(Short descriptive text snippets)
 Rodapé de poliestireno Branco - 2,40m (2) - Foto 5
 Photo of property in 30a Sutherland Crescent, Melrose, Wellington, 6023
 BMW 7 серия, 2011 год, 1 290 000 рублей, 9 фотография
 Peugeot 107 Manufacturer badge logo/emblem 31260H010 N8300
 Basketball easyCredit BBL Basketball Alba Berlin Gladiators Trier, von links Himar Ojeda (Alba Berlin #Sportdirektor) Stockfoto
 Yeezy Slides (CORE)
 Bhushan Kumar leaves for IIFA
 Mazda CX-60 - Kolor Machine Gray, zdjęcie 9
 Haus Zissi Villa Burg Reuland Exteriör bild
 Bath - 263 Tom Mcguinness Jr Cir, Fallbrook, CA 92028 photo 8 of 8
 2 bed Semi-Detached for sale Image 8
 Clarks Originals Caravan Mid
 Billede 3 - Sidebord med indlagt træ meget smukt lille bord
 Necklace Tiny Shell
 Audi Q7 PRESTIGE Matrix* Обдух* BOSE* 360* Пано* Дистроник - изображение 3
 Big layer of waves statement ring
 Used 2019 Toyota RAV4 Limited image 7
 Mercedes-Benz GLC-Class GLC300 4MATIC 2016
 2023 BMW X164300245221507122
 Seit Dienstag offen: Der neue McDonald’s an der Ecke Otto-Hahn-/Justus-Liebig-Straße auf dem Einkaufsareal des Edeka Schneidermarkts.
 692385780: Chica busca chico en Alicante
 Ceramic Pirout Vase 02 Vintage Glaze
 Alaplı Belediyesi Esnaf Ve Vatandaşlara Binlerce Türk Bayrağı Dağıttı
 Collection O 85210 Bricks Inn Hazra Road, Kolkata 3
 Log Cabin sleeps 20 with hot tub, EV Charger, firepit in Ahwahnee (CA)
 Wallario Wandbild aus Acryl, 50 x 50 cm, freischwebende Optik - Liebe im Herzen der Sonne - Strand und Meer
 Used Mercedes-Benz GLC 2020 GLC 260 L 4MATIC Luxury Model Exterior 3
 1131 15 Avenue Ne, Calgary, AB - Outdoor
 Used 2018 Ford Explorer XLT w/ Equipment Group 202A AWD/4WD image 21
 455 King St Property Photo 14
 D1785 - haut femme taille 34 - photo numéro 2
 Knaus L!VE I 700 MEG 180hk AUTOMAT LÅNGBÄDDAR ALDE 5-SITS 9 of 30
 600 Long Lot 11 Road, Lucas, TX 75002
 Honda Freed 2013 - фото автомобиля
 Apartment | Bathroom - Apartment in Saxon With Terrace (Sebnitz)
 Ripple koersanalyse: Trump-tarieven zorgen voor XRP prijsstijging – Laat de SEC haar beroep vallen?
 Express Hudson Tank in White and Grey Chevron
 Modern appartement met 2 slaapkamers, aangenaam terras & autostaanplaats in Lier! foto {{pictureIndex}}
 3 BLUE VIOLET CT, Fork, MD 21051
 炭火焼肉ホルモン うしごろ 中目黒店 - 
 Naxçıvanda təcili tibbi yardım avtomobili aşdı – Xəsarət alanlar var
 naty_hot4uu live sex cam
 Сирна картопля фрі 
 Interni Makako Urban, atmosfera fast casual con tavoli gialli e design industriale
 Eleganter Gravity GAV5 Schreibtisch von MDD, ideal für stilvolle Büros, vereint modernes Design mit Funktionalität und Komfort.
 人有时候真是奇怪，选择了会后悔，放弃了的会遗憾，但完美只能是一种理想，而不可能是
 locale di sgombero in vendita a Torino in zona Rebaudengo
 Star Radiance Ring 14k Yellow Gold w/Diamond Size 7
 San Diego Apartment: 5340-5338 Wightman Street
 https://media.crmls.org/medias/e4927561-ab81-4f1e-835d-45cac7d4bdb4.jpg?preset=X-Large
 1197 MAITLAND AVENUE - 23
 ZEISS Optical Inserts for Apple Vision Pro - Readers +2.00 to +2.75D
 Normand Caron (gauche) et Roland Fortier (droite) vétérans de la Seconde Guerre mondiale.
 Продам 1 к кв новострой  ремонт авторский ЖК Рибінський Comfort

### Problem requirements
The stretch of entries above that starts with the line containing "Clarks Originals Caravan Mid" and goes on through the line containing "3 BLUE VIOLET CT, Fork, MD 21051" is to be transcribed exactly, and no other line is to be transcribed.

### Final answer
 Clarks Originals Caravan Mid
 Billede 3 - Sidebord med indlagt træ meget smukt lille bord
 Necklace Tiny Shell
 Audi Q7 PRESTIGE Matrix* Обдух* BOSE* 360* Пано* Дистроник - изображение 3
 Big layer of waves statement ring
 Used 2019 Toyota RAV4 Limited image 7
 Mercedes-Benz GLC-Class GLC300 4MATIC 2016
 2023 BMW X164300245221507122
 Seit Dienstag offen: Der neue McDonald’s an der Ecke Otto-Hahn-/Justus-Liebig-Straße auf dem Einkaufsareal des Edeka Schneidermarkts.
 692385780: Chica busca chico en Alicante
 Ceramic Pirout Vase 02 Vintage Glaze
 Alaplı Belediyesi Esnaf Ve Vatandaşlara Binlerce Türk Bayrağı Dağıttı
 Collection O 85210 Bricks Inn Hazra Road, Kolkata 3
 Log Cabin sleeps 20 with hot tub, EV Charger, firepit in Ahwahnee (CA)
 Wallario Wandbild aus Acryl, 50 x 50 cm, freischwebende Optik - Liebe im Herzen der Sonne - Strand und Meer
 Used Mercedes-Benz GLC 2020 GLC 260 L 4MATIC Luxury Model Exterior 3
 1131 15 Avenue Ne, Calgary, AB - Outdoor
 Used 2018 Ford Explorer XLT w/ Equipment Group 202A AWD/4WD image 21
 455 King St Property Photo 14
 D1785 - haut femme taille 34 - photo numéro 2
 Knaus L!VE I 700 MEG 180hk AUTOMAT LÅNGBÄDDAR ALDE 5-SITS 9 of 30
 600 Long Lot 11 Road, Lucas, TX 75002
 Honda Freed 2013 - фото автомобиля
 Apartment | Bathroom - Apartment in Saxon With Terrace (Sebnitz)
 Ripple koersanalyse: Trump-tarieven zorgen voor XRP prijsstijging – Laat de SEC haar beroep vallen?
 Express Hudson Tank in White and Grey Chevron
 Modern appartement met 2 slaapkamers, aangenaam terras & autostaanplaats in Lier! foto {{pictureIndex}}
 3 BLUE VIOLET CT, Fork, MD 21051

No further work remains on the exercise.